= Task objective =
Reproduce, exactly, the lines of the material below from the line containing "Two champagne glasses" through the line containing "Pink Abstract Painting", with both end lines included and nothing else.

START Data for review

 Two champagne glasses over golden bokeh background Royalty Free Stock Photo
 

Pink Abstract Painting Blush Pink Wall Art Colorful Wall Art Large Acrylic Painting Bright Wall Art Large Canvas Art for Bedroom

END Data for review
START Data for review

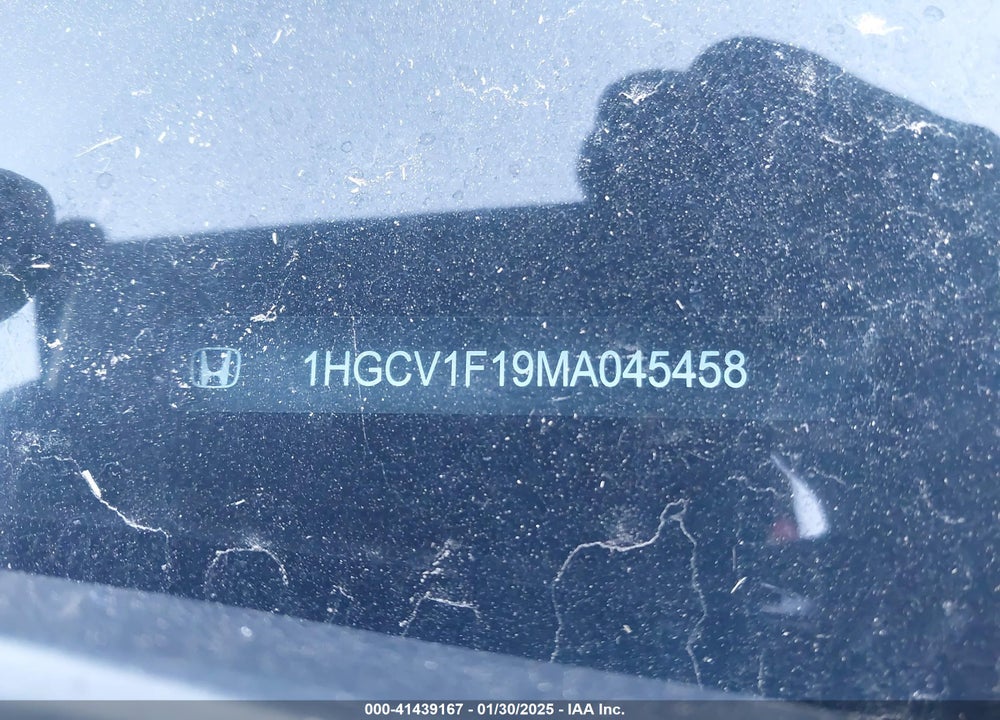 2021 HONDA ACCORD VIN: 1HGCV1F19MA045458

END Data for review

= Exercise result =
 Two champagne glasses over golden bokeh background Royalty Free Stock Photo
 

Pink Abstract Painting Blush Pink Wall Art Colorful Wall Art Large Acrylic Painting Bright Wall Art Large Canvas Art for Bedroom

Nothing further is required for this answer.